The ESI filing does not provide any details about CPB. A search of the Delaware Division of Corporations site shows only that CPB was incorporated on May 7, 2014. It is likely that CPB is a special-purpose real estate investment vehicle associated with a private equity firm or a hedge fund.
According to its most recent 10-Q, on September 30, 2013, ESI had 147 ITT Technical Institute campuses, which was 30 fewer than on December 31, 2012. Assuming that the percentage of total campuses where the property was owned, rather than leased, remained the same as at December 31,2012, ESI would have owned about 55 of those properties. ESI also owns its headquarters building in Carmel, Indiana.
ESI disclosed the net carrying value of all of its property and equipment on September 30, 2013 as $174.4 million. However, in the notes to the financial statements in its 2012 Annual Report, ESI disclosed that "furniture and equipment" made up 45% of the gross value of its property and equipment. Furniture and equipment are typically not fixtures, and therefore would not be included in the agreement with CPB.
Land, buildings and related improvements only made up 52% of the gross total, with software assets the remainder. If those proportions have remained the same, and the depreciation charges apply more or less proportionately to all categories of its property, then ESI's net land, buildings and related improvements would be carried at approximately $91 million.

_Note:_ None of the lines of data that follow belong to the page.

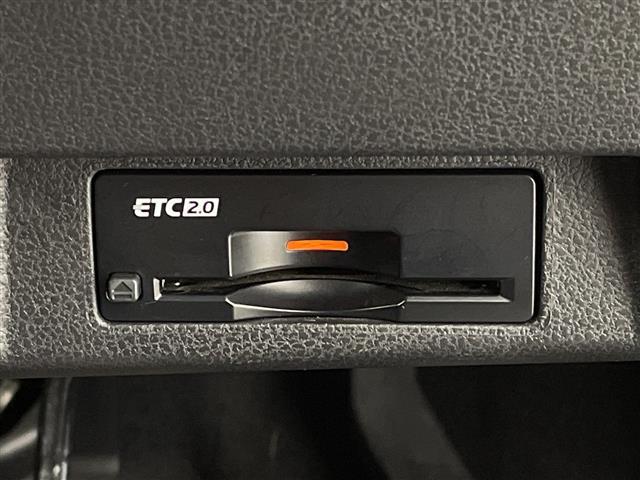 リーフ X 純正ナビ Bluetooth USB HDMI フルセグTV バックカメラ 衝突軽減ブレーキ 車線逸脱警報 道路標識表示 コーナーセンサー シートヒーター ステアリングヒーター ビルトインETC(11枚目)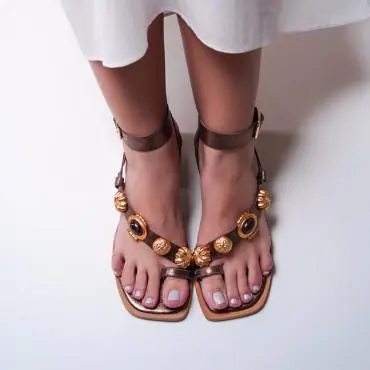 SANDÁLIA SALTO BLOCO BROCHES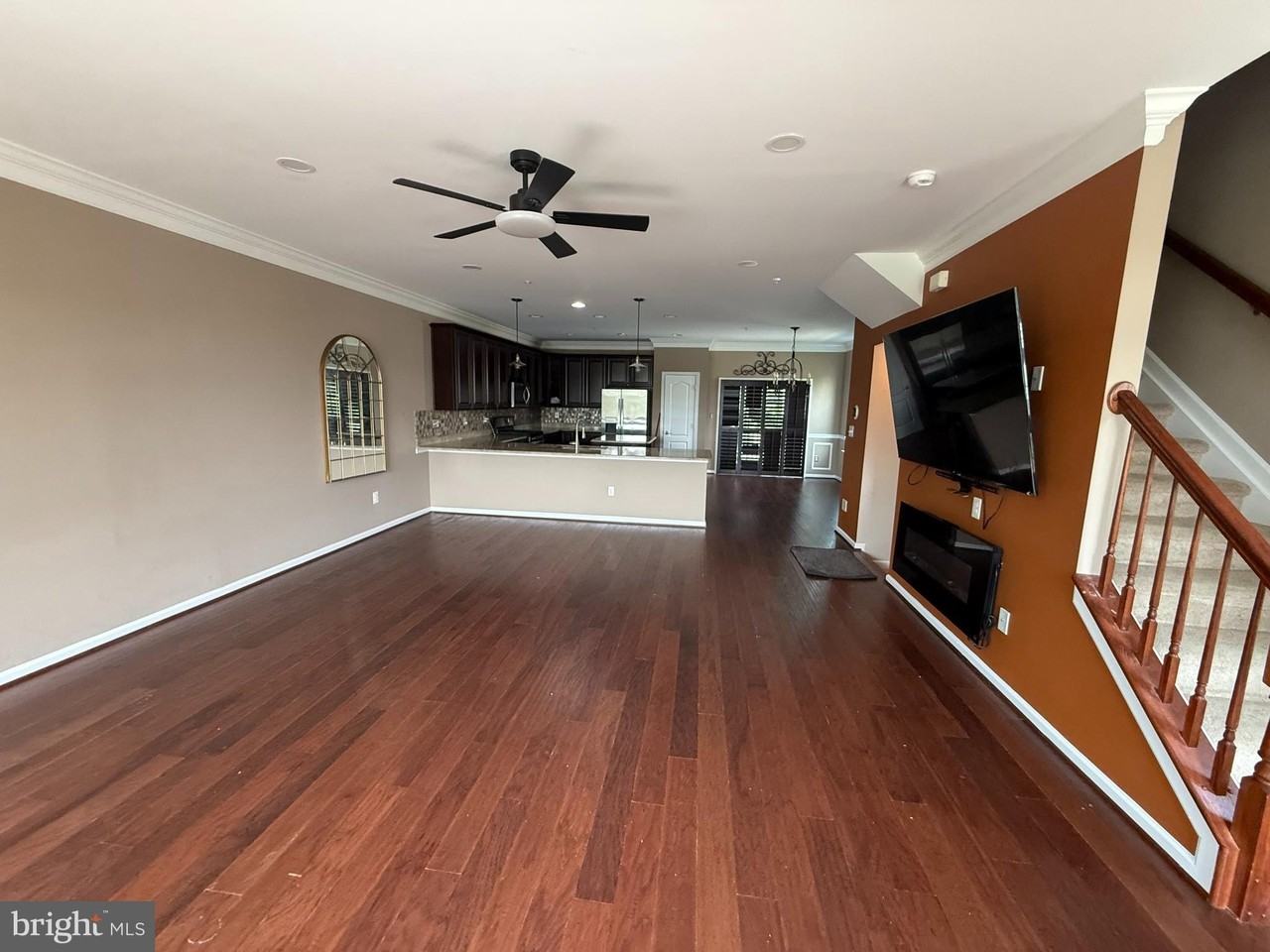 9515 Mary Geneva Ln - Photo 3 of 17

But that value represents the campuses of 55 ITT Technical Institutes plus the corporate headquarters, which itself comprises 43,000 square feet. The average Institute occupies 30,000 - 40,000 square feet.
Therefore, if the sale component of the CPB transaction represents an arms-length valuation, then the fair value of ESI's property assets is likely to be significantly higher than their carrying value. If roughly 43% of those assets are worth $119 million (treating the corporate headquarters as if it were the same size as a typical Institute), there could be an additional $185 million, or about $7.90 per share, worth of property and equipment on ESI's balance sheet.
Disclosure: I am long ESI. I wrote this article myself, and it expresses my own opinions. I am not receiving compensation for it (other than from Seeking Alpha). I have no business relationship with any company whose stock is mentioned in this article.